Là-dessus Gilbert me regarda et approuva de la tête :

« Avoir descendu William ! C’est pas croyable ! William ! Il aurait pas fait de mal à une mouche ! Edgard je dis pas, il a son caractère, mais William ! Hein, maître Ambre, c’est vrai ce que je dis…

— C’est vrai qu’Edgard il faut pas lui marcher sur les pieds… », concéda le vieux plaideur du bout des lèvres, peut-être pas très heureux d’être obligé de s’exhiber en public avec un tel client. Il n’épilogua pas sur le sujet : Edgard, le plus jeune, était généralement considéré comme un fou furieux, un excité de la gâchette, tout le monde le savait.

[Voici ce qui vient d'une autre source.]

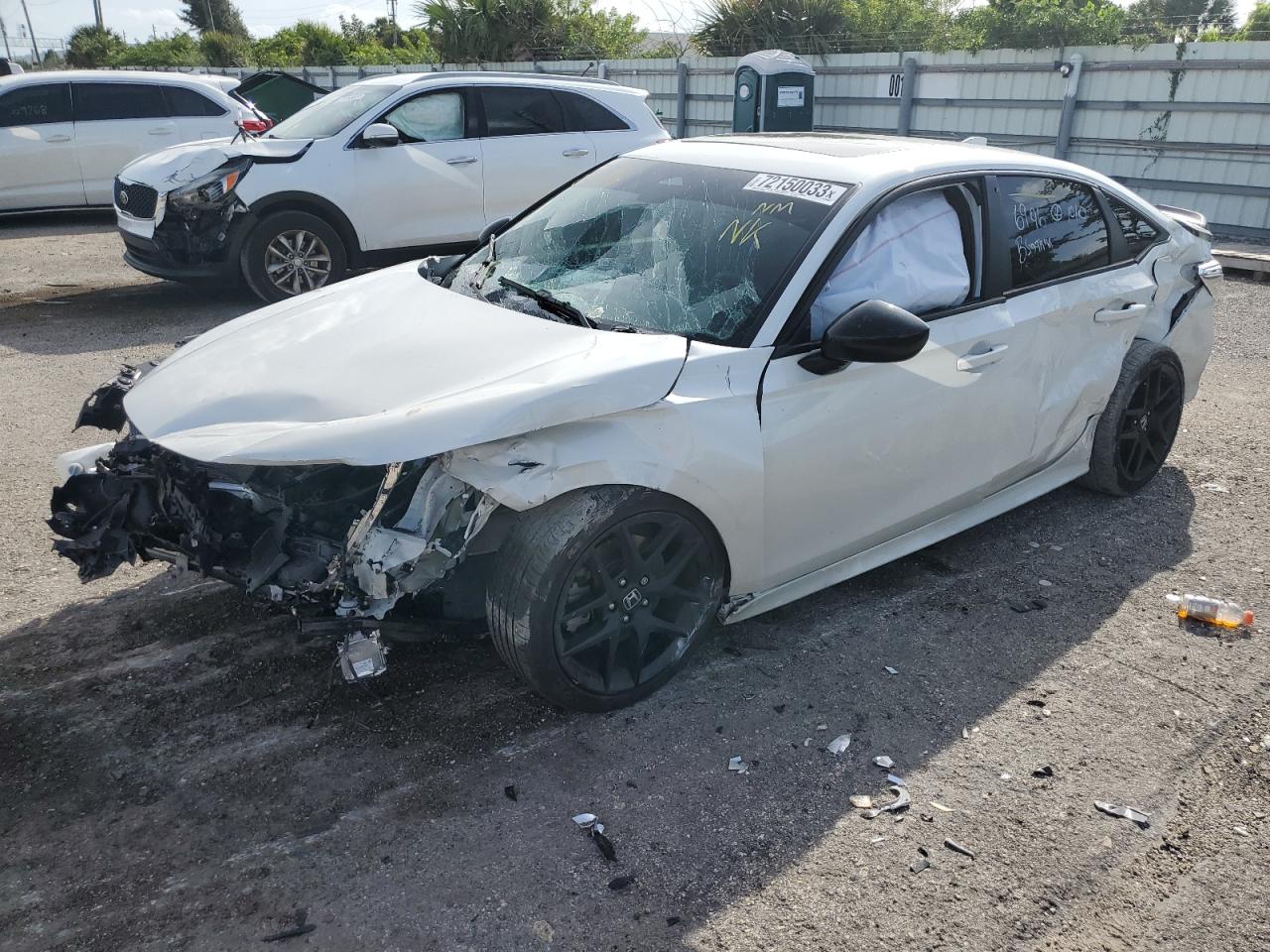 Honda Civic Si 2022 image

En somme la famille Zemmour, à qui on attribuait la guerre des clans qui depuis 1970 décimait au faubourg les vieilles familles Atlan et Perret, offrait généreusement de me refiler pour publication des documents sortis du dossier de l’instruction et prouvant de manière irréfutable que les policiers avaient bel et bien abattu — ou achevé — l’aîné des Zemmour et son homme de main. Cela m’aurait permis, sans doute, de nouer des relations suivies avec le clan, d’entrer dans le cercle familial. Au passage, j’aurais le plaisir de recevoir la visite de quelques inspecteurs musclés de la Crim’, désireux d’en savoir plus sur mes nouveaux amis.

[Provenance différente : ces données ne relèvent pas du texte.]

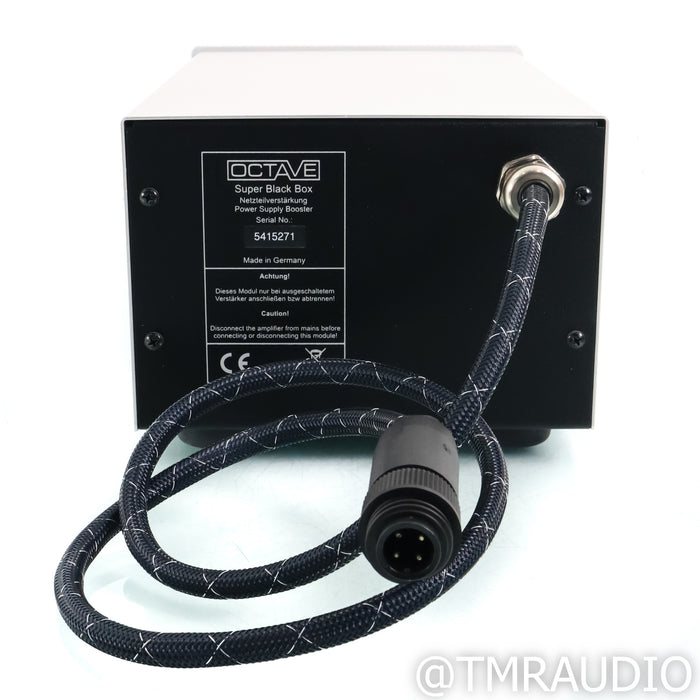 Octave Super Black Box Power Supply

J’avais jusqu’à un certain point l’instinct du chasseur-journaliste, mais pas jusqu’à risquer de finir coulé dans le béton. « Ces gens-là, il ne faut pas entrer en contact avec eux, il ne faut pas leur parler ! » me dit un ami qui connaissait le faubourg Montmartre sur le bout du doigt. Je n’avais pas vraiment l’intention de donner suite et je fus heureux de ne plus entendre parler de Marc Francelet. « Les Zemmour ! Bah ! Je les connais bien, ils ne sont pas si terribles que ça ! » me confie bizarrement le journaliste Jacques Derogy, spécialiste des questions de police à L’Express, avec qui je déjeune quelques mois plus tard. Mystère des affinités et complicités à Paris. Un autre journaliste, René Backmann, du Nouvel Observateur, était lui d’un avis différent. Dans les suites de la fusillade du Thélème, il avait écrit un long reportage publié sur deux pleines pages. Or, à la dernière minute au marbre, le nom de l’auteur avait été supprimé sur les conseils pressants de policiers de la brigade criminelle. Et si Edgard, le fou furieux de la famille, décidait de se vexer et de laver l’affront ?

À peu près à la même époque, j’avais interviewé un « grand flic », ancien chef de la police judiciaire. La rencontre avait eu lieu dans un vieux bureau mansardé du quai des Orfèvres. Contrairement aux flics nord-américains qui sont en général des armoires à glace et pratiquent une langue de bois semblable à celle des militaires, mon interlocuteur était un monsieur grisonnant à lunettes, pas particulièrement impressionnant par son physique, vêtu d’une veste fatiguée passée par-dessus un vieux pull à col en V. L’air d’un prof à la retraite, d’un fonctionnaire dans un film des années 1950, du vieux flic désabusé qui a tout vu au cours de sa carrière : les petits arrangements avec les indics, les coups de fil du chef de cabinet du ministre de l’Intérieur en cas d’affaire sensible, les coups fourrés montés par les services rivaux.